• Problem description
In the entries below, begin at the line that has "Hoofdeinde met LED" and stop after the line that has "Workout Romance Dance Black Graphic Tee"; output those lines exactly, leaving out pictures.

• Data under study
>>>

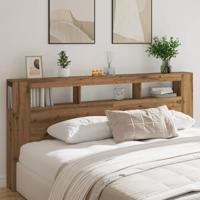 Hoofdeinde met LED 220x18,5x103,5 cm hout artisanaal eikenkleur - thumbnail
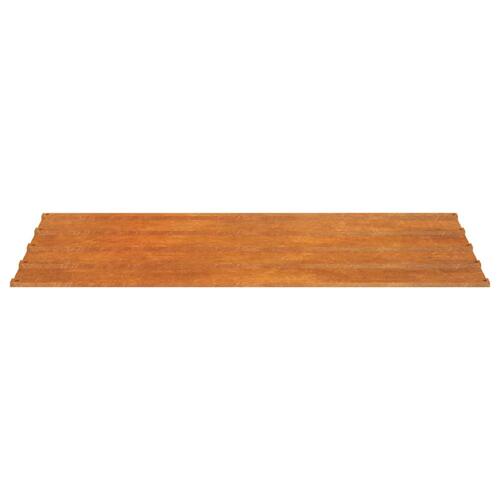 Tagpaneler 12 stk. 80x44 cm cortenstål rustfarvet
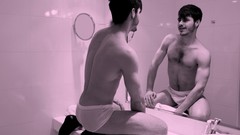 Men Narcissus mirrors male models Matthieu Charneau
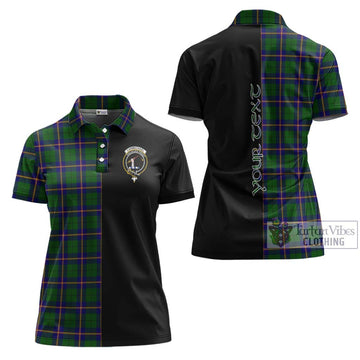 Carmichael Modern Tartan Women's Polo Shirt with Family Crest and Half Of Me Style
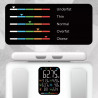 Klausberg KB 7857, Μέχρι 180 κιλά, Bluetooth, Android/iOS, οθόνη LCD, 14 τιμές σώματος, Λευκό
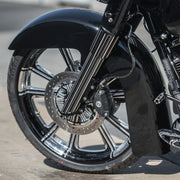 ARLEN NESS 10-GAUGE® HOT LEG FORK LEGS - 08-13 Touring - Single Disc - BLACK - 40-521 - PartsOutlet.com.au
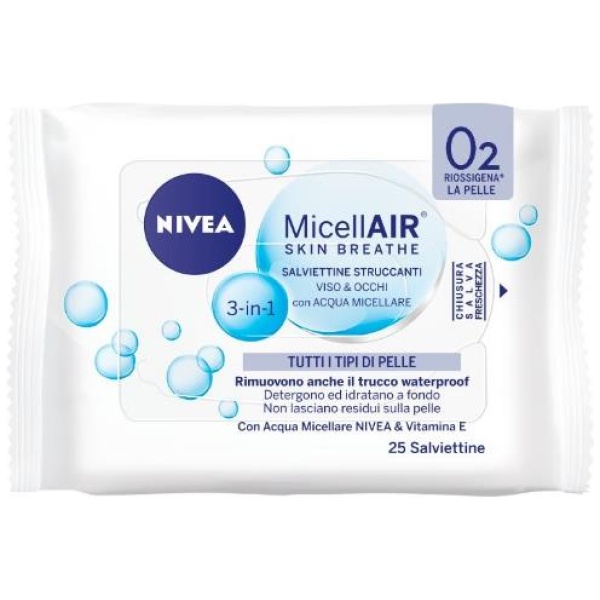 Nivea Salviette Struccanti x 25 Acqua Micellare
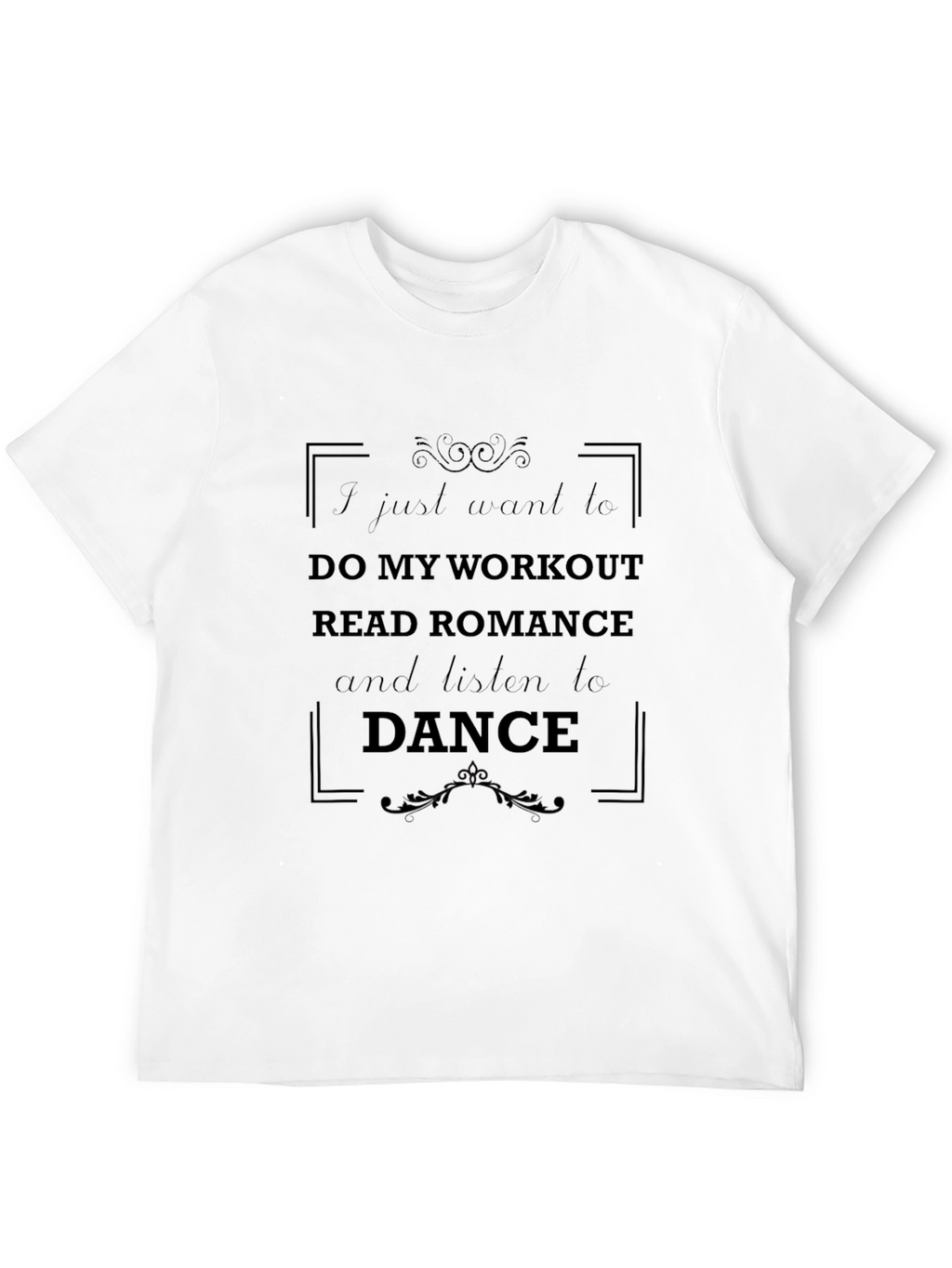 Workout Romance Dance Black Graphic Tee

<<<
>>>

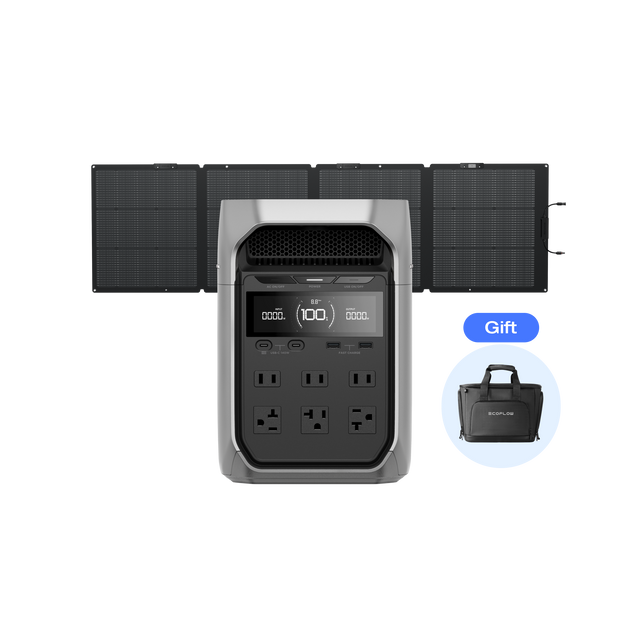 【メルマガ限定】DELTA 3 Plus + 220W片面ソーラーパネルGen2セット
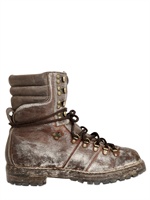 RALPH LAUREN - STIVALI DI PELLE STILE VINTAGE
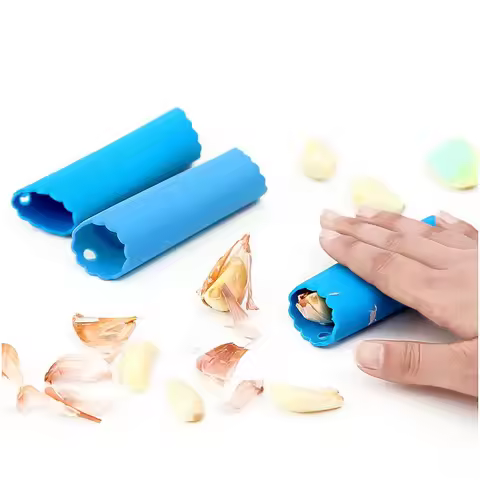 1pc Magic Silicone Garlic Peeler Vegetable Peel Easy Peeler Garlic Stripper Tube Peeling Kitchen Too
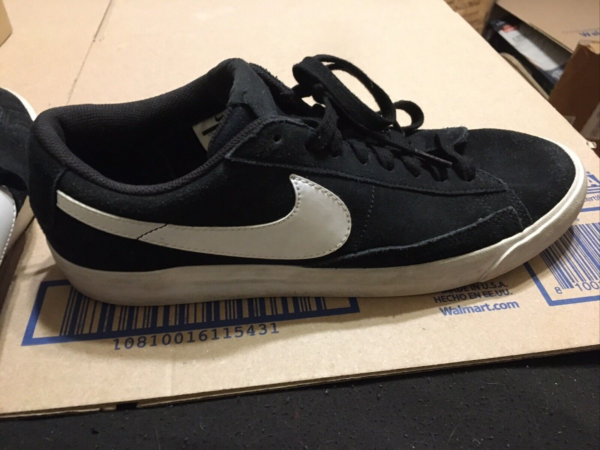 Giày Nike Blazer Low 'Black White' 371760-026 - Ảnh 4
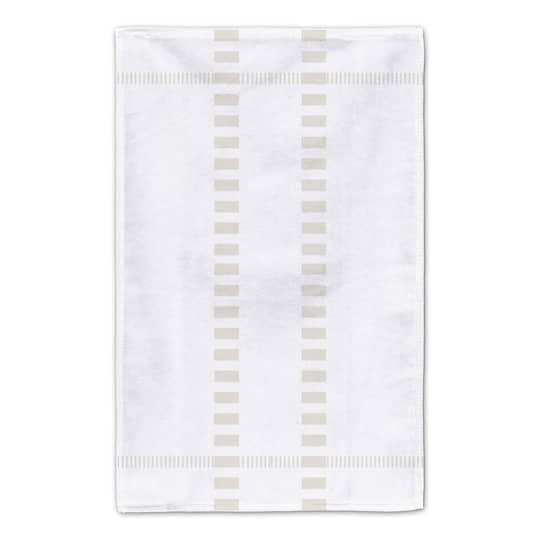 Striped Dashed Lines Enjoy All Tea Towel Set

<<<
>>>

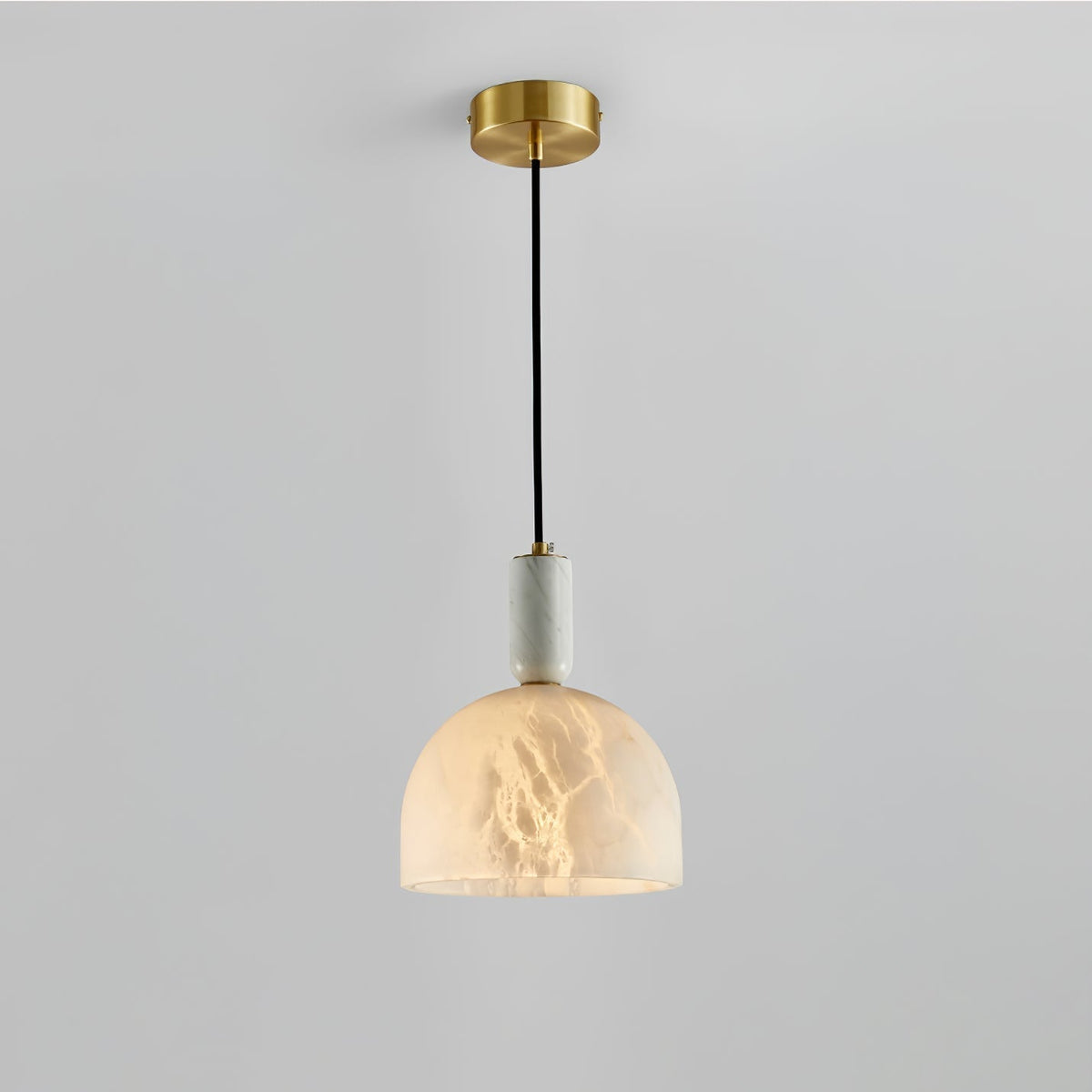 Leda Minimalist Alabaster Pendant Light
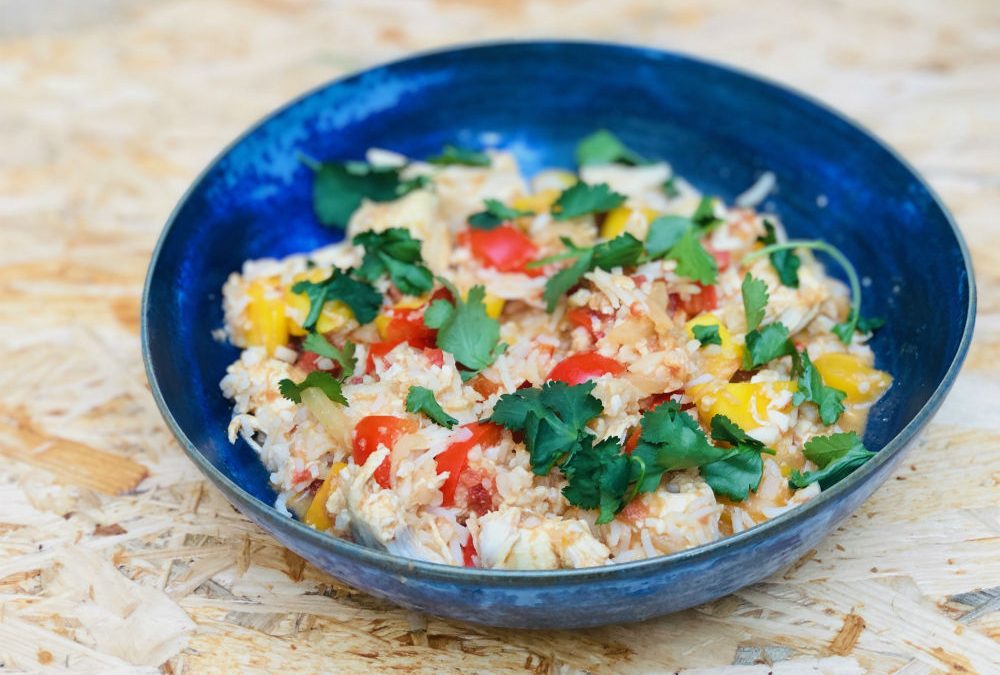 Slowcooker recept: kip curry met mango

<<<

• The answer
 Hoofdeinde met LED 220x18,5x103,5 cm hout artisanaal eikenkleur - thumbnail
 Tagpaneler 12 stk. 80x44 cm cortenstål rustfarvet
 Men Narcissus mirrors male models Matthieu Charneau
 Carmichael Modern Tartan Women's Polo Shirt with Family Crest and Half Of Me Style
 Klausberg KB 7857, Μέχρι 180 κιλά, Bluetooth, Android/iOS, οθόνη LCD, 14 τιμές σώματος, Λευκό
 ARLEN NESS 10-GAUGE® HOT LEG FORK LEGS - 08-13 Touring - Single Disc - BLACK - 40-521 - PartsOutlet.com.au
 Nivea Salviette Struccanti x 25 Acqua Micellare
 Workout Romance Dance Black Graphic Tee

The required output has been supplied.